Giter Club home page Giter Club logo

gchat's Introduction

gchat
===========
A chat program for a specific university course
Written by Saji Champlin. All code is my own.

This repository contains code implementing the GopherChat specification
for a certain Computer Science Course. gchat specifies a single server
and client interface for private/public messages, with support for
anonymous messages, file transfers, users listing, and server side monitoring.

This project meets all of the requirements in the specification. It also exceeds some,
and adds offline messaging as an add-on feature. A test is included to demonstrate the offline capability.
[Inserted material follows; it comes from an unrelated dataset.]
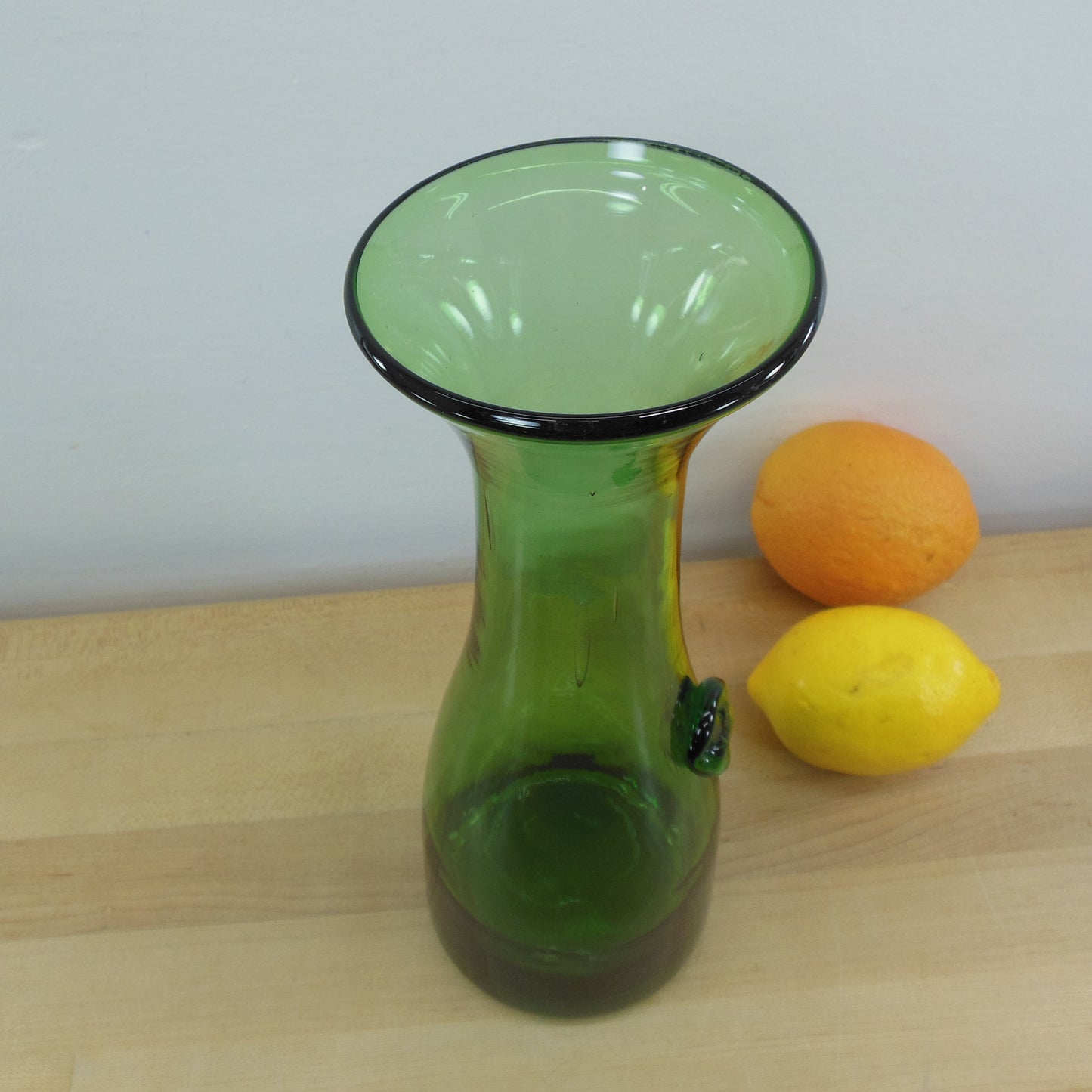 Emerald Green Blown Glass Chianti Wine Carafe Blob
NOTE: this program requires C++20 features to compile! Please use GCC 10 or newer.


Features: (part of the spec)
- Account registration (REGISTER saji pass) 
- LOGIN and LOGOUT (LOGIN saji pass; LOGOUT)
- All send types, including anonymous private messages.
- File transfers, including private transfers.
- Online users list.
- Server-side logging of client activity. (missing file size).


Improvements (beyond the spec):
- arbitrary length usernames, passwords (supports any character), messages, and file names/sizes.
- offline messages which persist after server restart (saved to disk) and are sent when a user logs in.
- uncapped user count, including saving credentials to disk.
- authentication of messages. Can't spoof sending a message as a different user with i.e a patched client
- extensible framework for adding custom behaviors/messages.
- Files can be sent from subdirectories (with limitations. It will not create missing subdirectories. Don't rely on it).
- high-speed concurrent file transfers. The transfers do not block sending or receiving of other messages.
	In other words, the transfers are interleaved with normal messages sent after the transfer starts.
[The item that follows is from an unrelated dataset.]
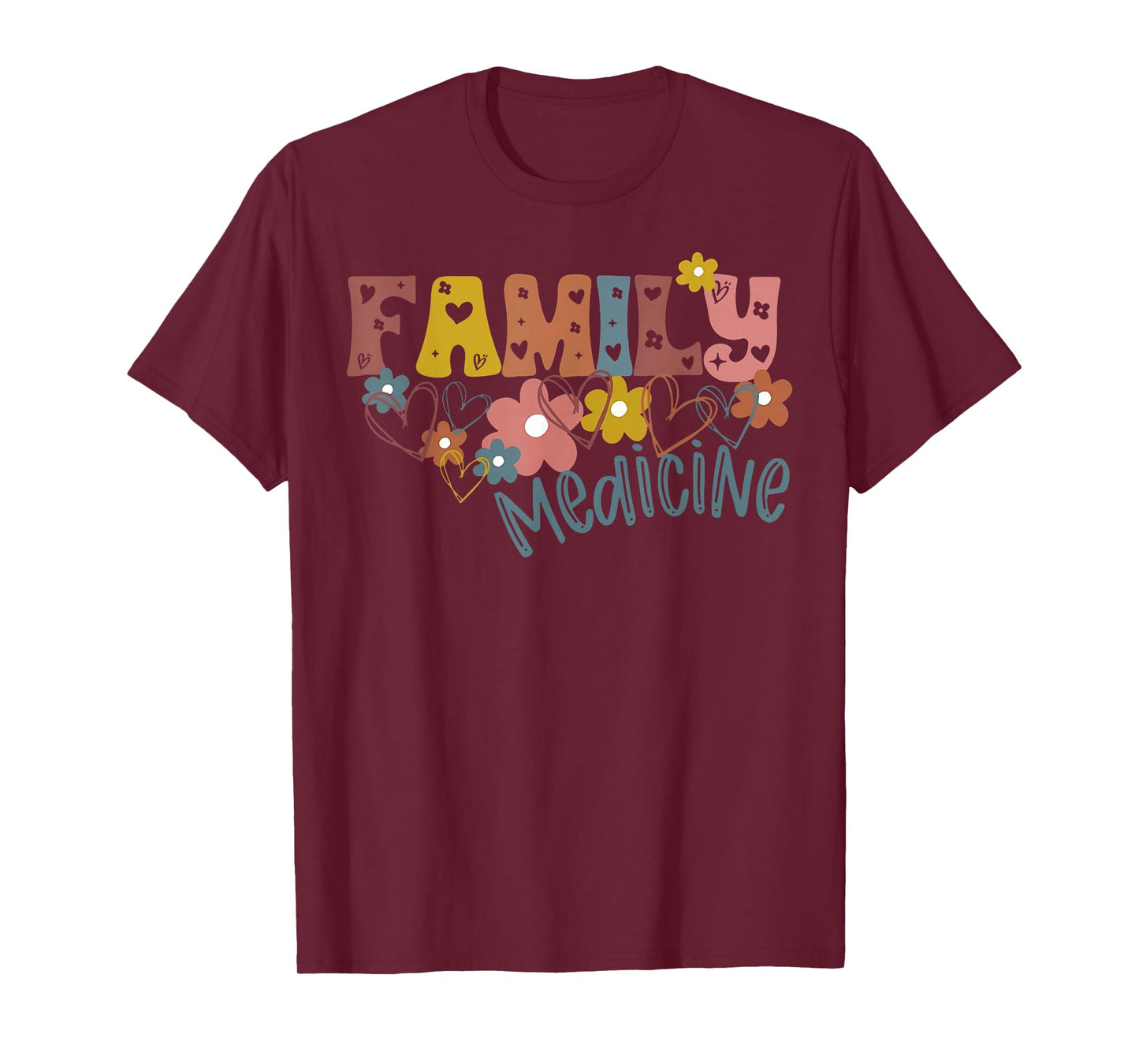 Floral Retro Family Medicine Health Clinic Office Staff T-Shirt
It also has some flaws. Some of these are by design, others were not clearly outlined in the spec.

Flaws/Issues:
- users can't login at multiple places.
- server does not know the file size of transferred files. This is not ever calculated nor included in the packets.
  therefore it cannot print the file size. This is because the file streams are kept open until the input file stream 
  gets EOF, which is a bool that is put on the packet. If the receiving side sees the EOF, it knows that it can close the file.
- clients do not wait for ACK before sending next packet. So LOGIN followed immediately by SEND *will* work,
  (assuming login works), but the message will be anonymous, since the client does not know the status (and
  therefore the username) of the login packet. This is because each login is individually tracked. In other words,
  if I do LOGIN (good) followed instantly by LOGIN (bad), the client will know (!) that the first one succeeded and
  set the username to the first login. This is a nasty edge case that is hard to deal with unless you want to wait
  for each packet to get acked before sending the next one (slow).
- Offline messages currently do not appear different than normal ones. This would be easy to add to the message packet,
  but I have been awake for 29 hours and need to sleep.
- There is some strange state invariants (loosely guaranteed behavior). The two main ones are that when files are added
to the transmission job list, it is possible (not easily guaranteed) that the socket transmission queue will disable transmission
and won't turn it back on. This is because EPOLLOUT would otherwise trigger constantly burning cycles and hammering the system.
So there is a send_queue queue which all other tasks push frames to send to. When the queue empties, the socket handler first
runs the file sending jobs (which push more frames to the send_queue). If there are then frames in the queue, it sends them, but
if there aren't, it disables EPOLLOUT.

For the server, it has a similar mechanism, but for all the client facing sockets. This was a problem when a client wanted to send
to another client, because that function did not have access to the Epoll wrapper (or the file descriptor). to get around this,
I use the fact that if we are handling a client, after we finish, we will exit the epoll_wait command and loop in the while(1) loop in main.
Therefore, we can then check every socket and see if it's got stuff in the send queue. if it does, we enable it. This is *slow* and probably
one of the main bottlenecks of the system, since it's O(N) where N is number of clients. Everything else in the server code should be O(1).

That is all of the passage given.